Bildiğiniz gibi; ATA’mız, daha 16 Temmuz 1921’de Sakarya Savaşının kokularının geldiği bir ortamda 1. Maarif Kongresini toplamış; bir milletin tam bağımsızlığını kazanmasında eğitimin, öğretmenin, uygulanan programların niteliğinin önemini vurgulamış; nasıl olması gerektiğine işaret etmiştir. Atatürk’e göre; CEHALETİ YENME nasıl olacaktır? Öğretmenler yoluyla; öğretmenlerin “İLİM ve FENNE” dayalı eğitim yapmasıyla, ezbere dayalı olmayan, yapıcı, yaratıcı, yaşamda işe yarayan bilgileri kazandıran bir eğitim yoluyla gerçekleşecektir.

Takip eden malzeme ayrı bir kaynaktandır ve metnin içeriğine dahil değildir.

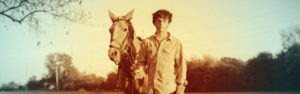 The Right Horse - Boy Standing with Horse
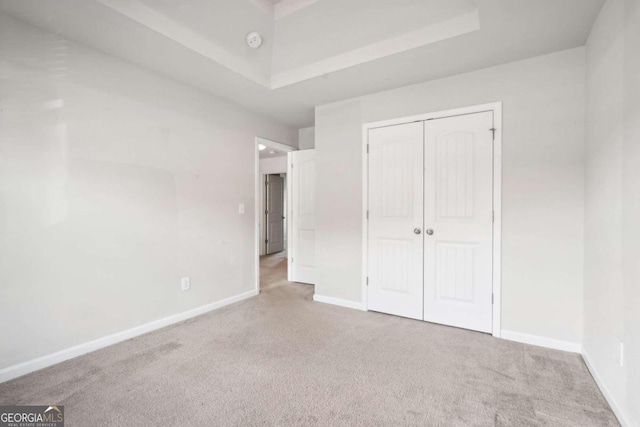 unfurnished bedroom featuring light carpet and a closet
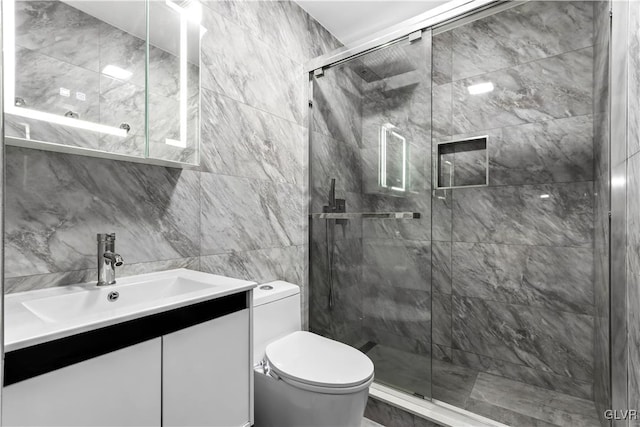 bathroom with vanity, toilet, a shower with door, and tile walls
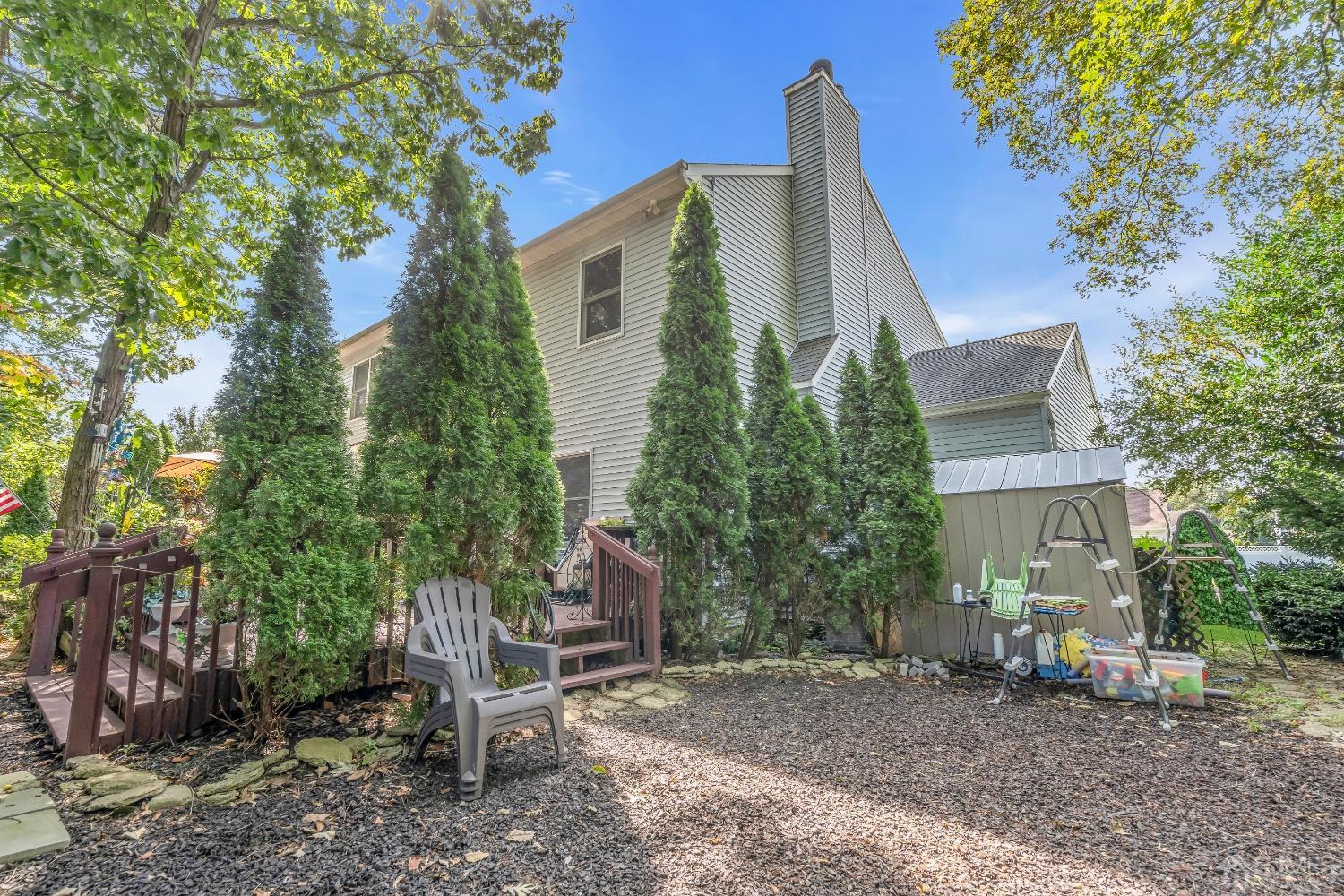 1416 Princess Avenue Brick, NJ 08724 - Photo 37 of 39 a view of a house with a yard and tree s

Bu eğitim çocuğu, bir bütün olarak geliştirmelidir: Doğudan batıdan alınmayan kendi kültürel özelliklerine uygun olarak çocuğun dilini, tarihini, coğrafyasını, fenni, matematiği, sosyal bilimleri öğrenmesini, sanat-müzik, spor yoluyla çok yönlü gelişmesini sağlayan programlar yoluyla yaşamında işe yarayacak bilgiyi kazanmalı ve üretmelidir. Bu bilgiyi de ezberleyerek değil, iş başında, laboratuvarda, bahçede, tarlada, müzede, kütüphanede, çiftlikte, çarşıda, pazarda vb. her yerde, araştırarak, inceleyerek, deneyerek anlamlı bir biçimde öğrenmesi önemlidir.

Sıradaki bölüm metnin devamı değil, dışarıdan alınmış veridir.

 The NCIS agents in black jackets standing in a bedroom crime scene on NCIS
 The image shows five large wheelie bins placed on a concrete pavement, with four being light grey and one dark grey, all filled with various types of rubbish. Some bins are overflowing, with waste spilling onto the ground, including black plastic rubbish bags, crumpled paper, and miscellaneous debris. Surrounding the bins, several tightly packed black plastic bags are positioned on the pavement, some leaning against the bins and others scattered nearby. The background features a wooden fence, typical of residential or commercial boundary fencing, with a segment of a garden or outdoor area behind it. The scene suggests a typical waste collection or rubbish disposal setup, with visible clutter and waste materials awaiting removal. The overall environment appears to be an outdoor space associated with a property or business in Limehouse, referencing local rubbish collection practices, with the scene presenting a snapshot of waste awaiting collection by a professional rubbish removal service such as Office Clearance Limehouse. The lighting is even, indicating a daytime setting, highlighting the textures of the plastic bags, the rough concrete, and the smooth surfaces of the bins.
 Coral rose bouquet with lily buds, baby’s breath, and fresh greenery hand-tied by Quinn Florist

Aslında Cumhuriyetin ilk yıllarında cehaleti yenme, birey yetiştirme, diğer bir deyişle eğitimde işe koşulan uygulamalar incelendiğinde; bugün “YENİ” bulunmuş yaklaşımlarmış gibi sunulan ORTAMINDA ÖĞRENME (Situated learning- gerçi terimi de yanlış çevirmişler ‘durumlu öğrenme’ diye; yapılan çevirinin, kavramın anlamıyla ilgisi yok), YAŞANTISAL ÖĞRENME (Experiential learning), yaşantısal olmayan öğrenme varmış gibi, YAPILANDIRMACILIK (bu da aslında bilgi/bilme felsefesi kuramıdır) gibi bugün henüz anlamlı bir biçimde doğasına uygun olarak işe koşulamayan bir çok öğretme-öğrenme yaklaşımının, öğrenme stratejilerinin o yıllarda işe koşulduğunu; çocukların, gençlerin hatta yetişkinlerin anlamlı öğrenmelerini sağlamak için büyük çaba harcandığını gözlemekteyiz. Cumhuriyetin birinci, ikinci kuşaklarının niteliği ve sistemin ortaya çıkardığı ürünleri de bunu ortaya koymaktadır.

Atamız 1 Mart 2023 tarihinde; daha Cumhuriyet ilan edilmeden TBMM’yi açış konuşmasında eğitim ortamlarının, öğretme-öğrenme kaynaklarının niteliğini artırmaya ilişkin aşağıdaki konuşmayı yapmış ve tamamını da gerçekleştirmiştir:

“…Uygulamaya dayanan yaygın bir eğitim-öğretim için yurdun önemli merkezlerinde çağdaş kitaplıklar, çeşitli bitki ve hayvanları içine alan bahçeler, konservatuvarlar, atölyeler, müzeler, galeriler, sergi salonları kurmak gerekli olduğu gibi ilçe merkezlerine dek bütün yurdun basımevleriyle donatılması gerekmektedir.”(Atatürk, 1 Mart 1923, TBMM açış konuşması).

Cumhuriyetimizin Milli Eğitim Bakanlığı ilk Müsteşarı Nafi Atuf (Kansu) (Kasım 1924)’un eğitim

anlayışı da iki temele dayalıdır: Bunlar; “…Okullar, gerek ders içinde gerekse ders dışında çocuklara özgürlük vermeli ve kendi kendini yönetmesini sağlamalıdır” (1919, “Tolstoy-İptidai Muallimi”).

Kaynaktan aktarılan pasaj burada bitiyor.